• **TO DO**: All of the records below must be reproduced exactly, minus any pictures.

• **Short web captions**:
□ □ □
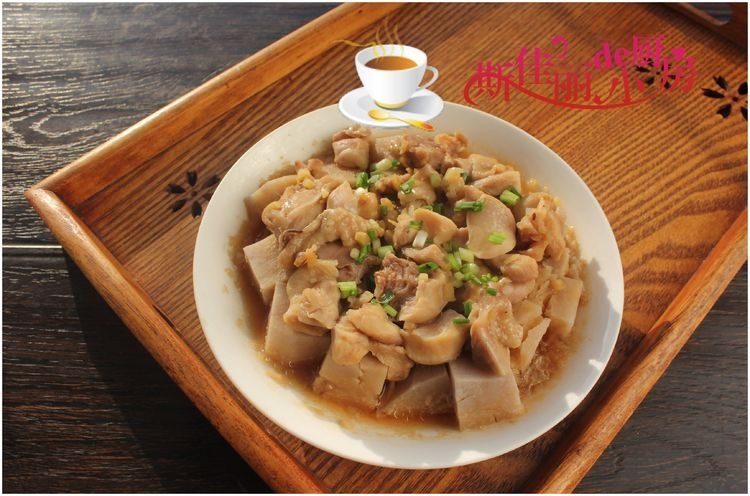 它是碱性食材,和鸡肉是绝配,简单蒸一蒸就太美味,顿顿吃个精光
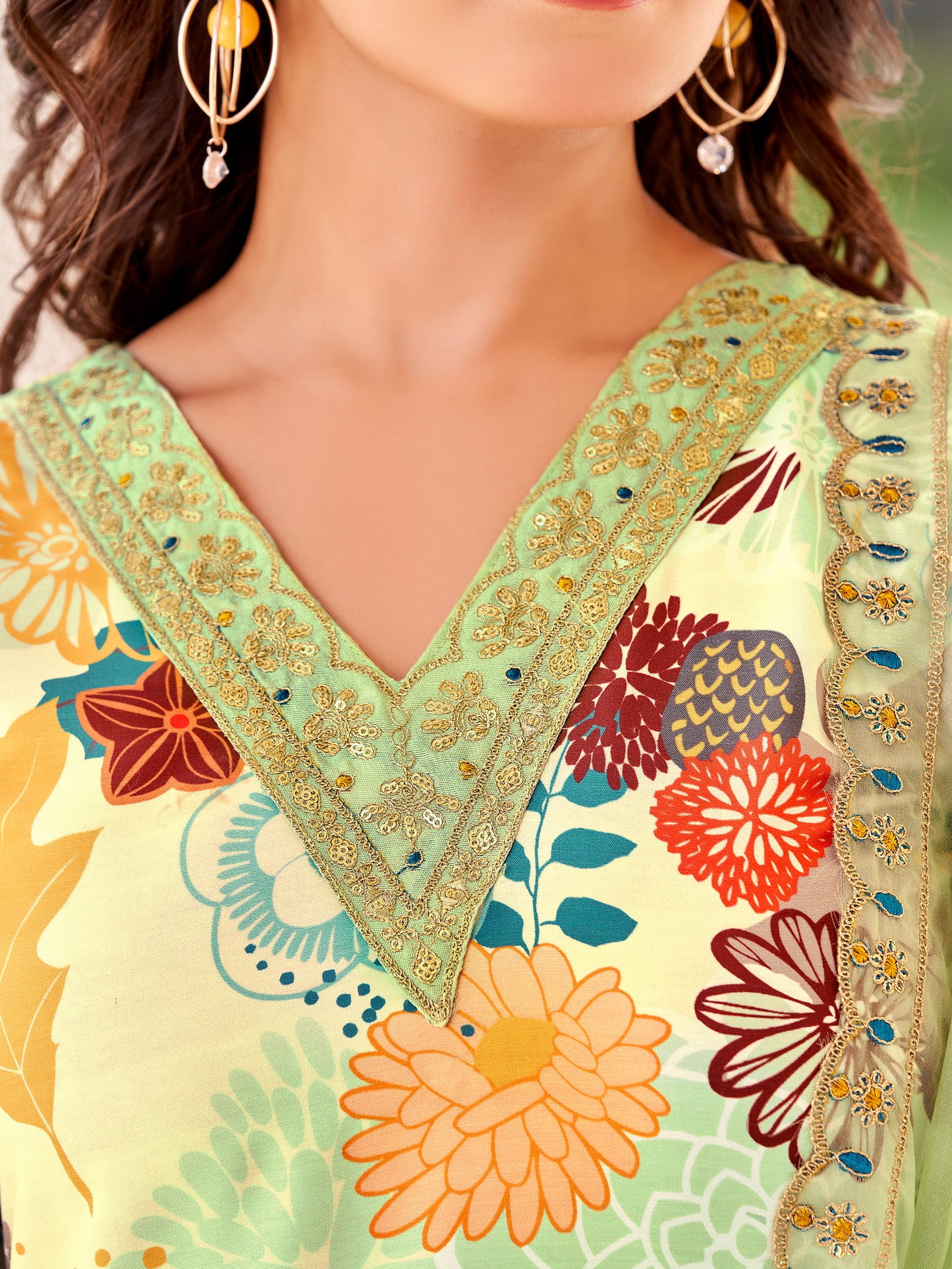 Women Floral Print Kurta with Pants And Dupatta Dropshipera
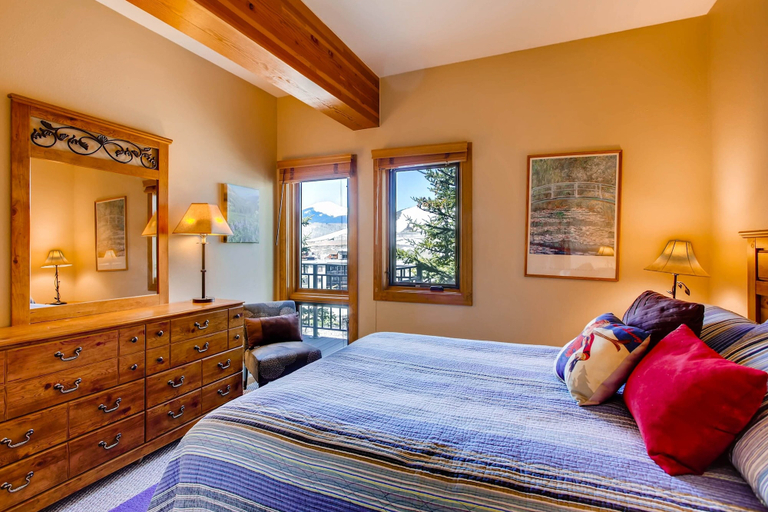 Room 5, Unique & Modern 3 Br/2ba - Ski-in/ski-out 3 Bedroom Condo - No Cleaning Fee! by RedAwning, Gunnison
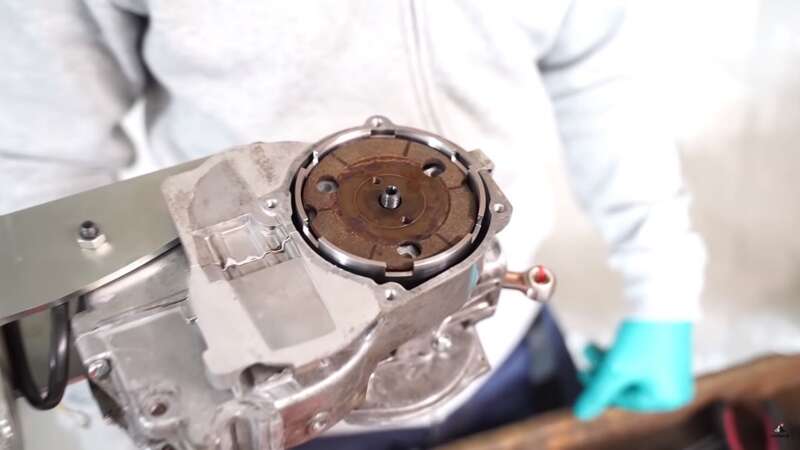 Die Kupplung an deinem E50-Motor einstellen Die Kupplung an deinem E50-Motor einstellen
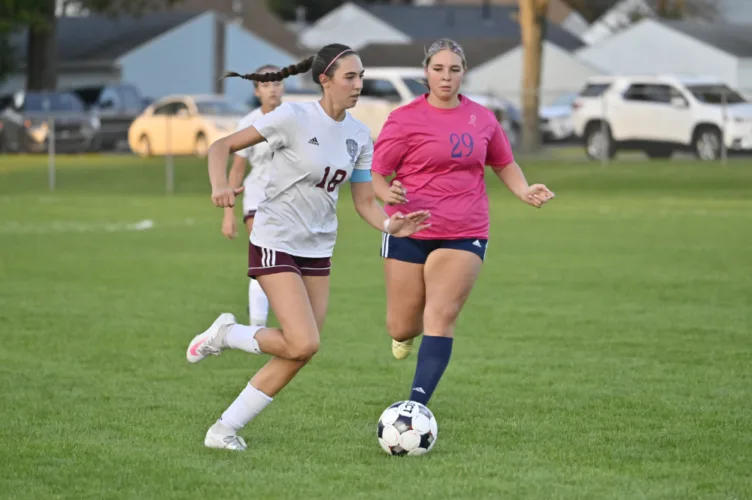 JFK outplays sluggish Boardman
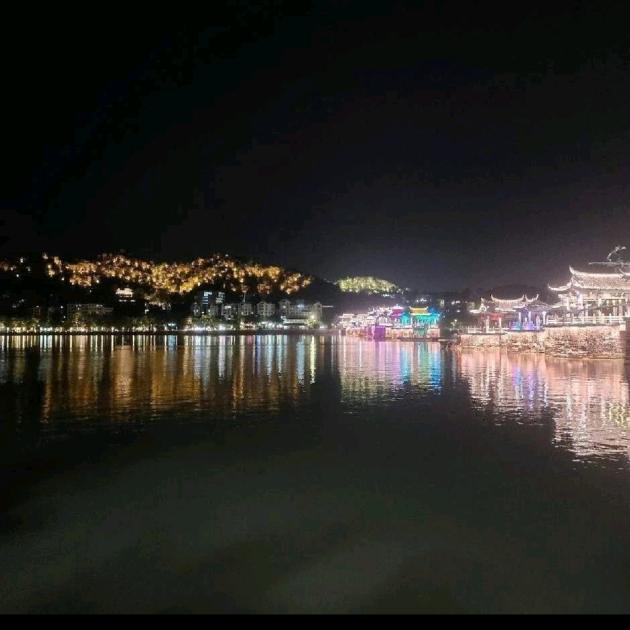 海阔天空。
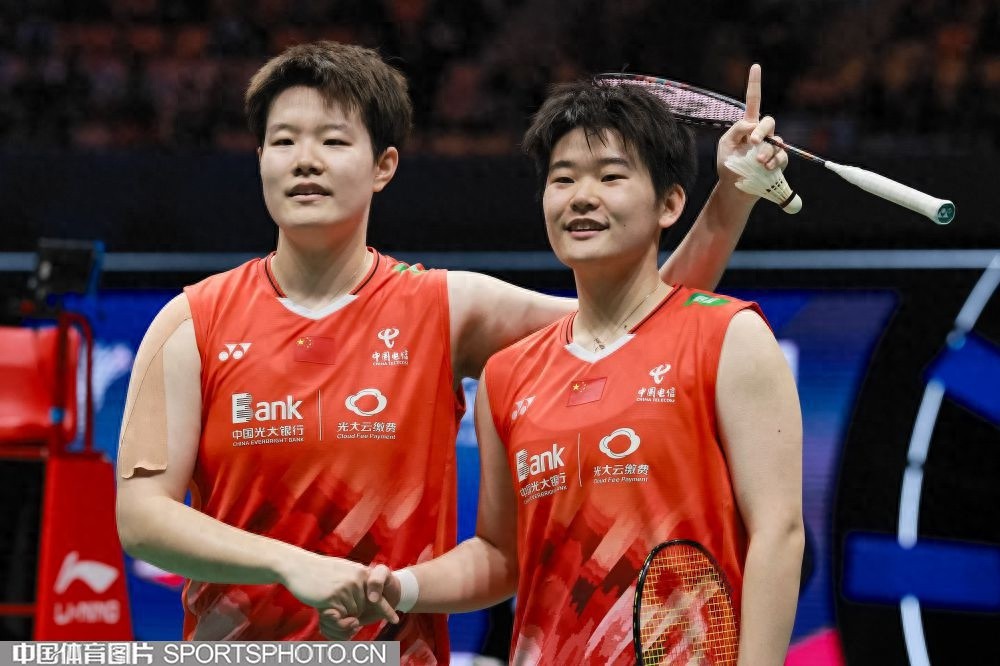 刘圣书/谭宁：从新生代到世界第一，她们的崛起之路如何改写羽坛历史？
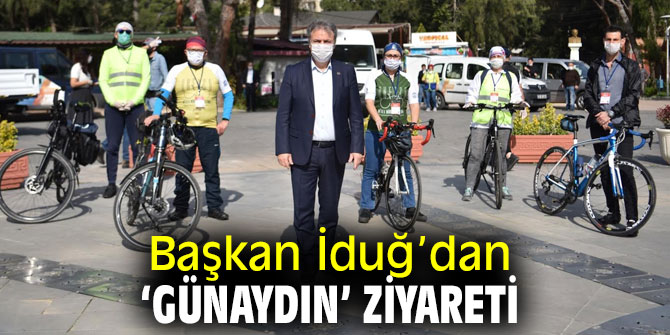 Başkan İduğ, ekmek dağıttı!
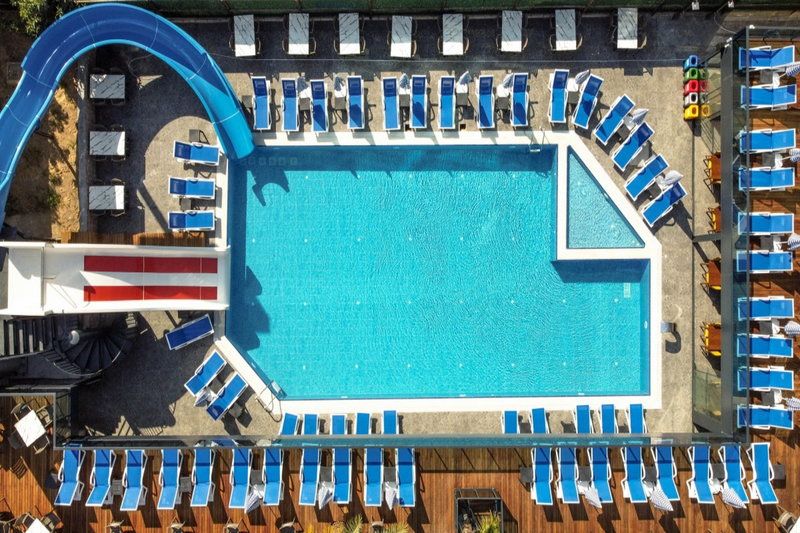 Relax Beach Hotel 3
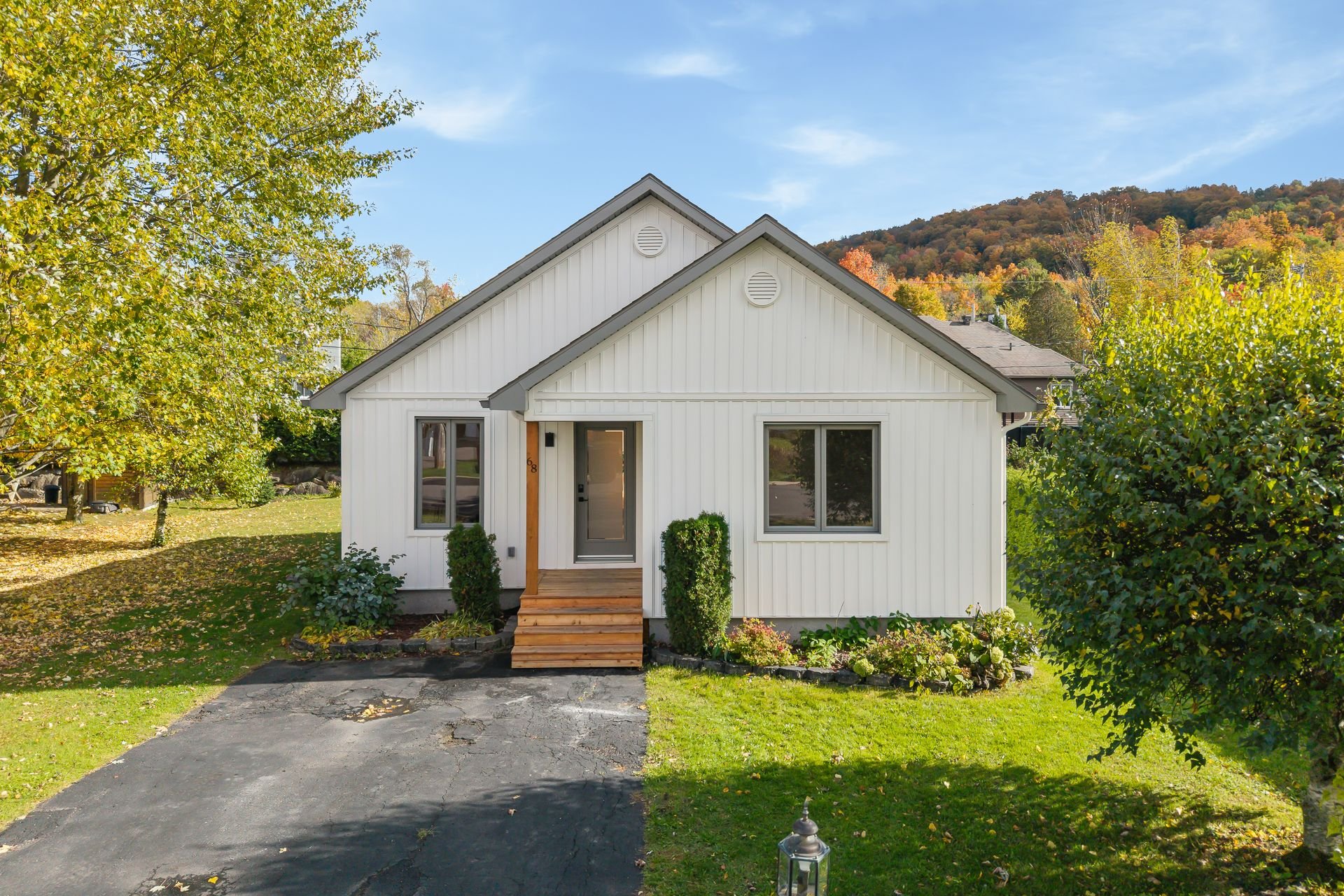 MLS: 19724856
□ □ □
• **TASK RESULT**:
 它是碱性食材,和鸡肉是绝配,简单蒸一蒸就太美味,顿顿吃个精光
 Women Floral Print Kurta with Pants And Dupatta Dropshipera
 Room 5, Unique & Modern 3 Br/2ba - Ski-in/ski-out 3 Bedroom Condo - No Cleaning Fee! by RedAwning, Gunnison
 Die Kupplung an deinem E50-Motor einstellen Die Kupplung an deinem E50-Motor einstellen
 JFK outplays sluggish Boardman
 海阔天空。
 刘圣书/谭宁：从新生代到世界第一，她们的崛起之路如何改写羽坛历史？
 Başkan İduğ, ekmek dağıttı!
 Relax Beach Hotel 3
 MLS: 19724856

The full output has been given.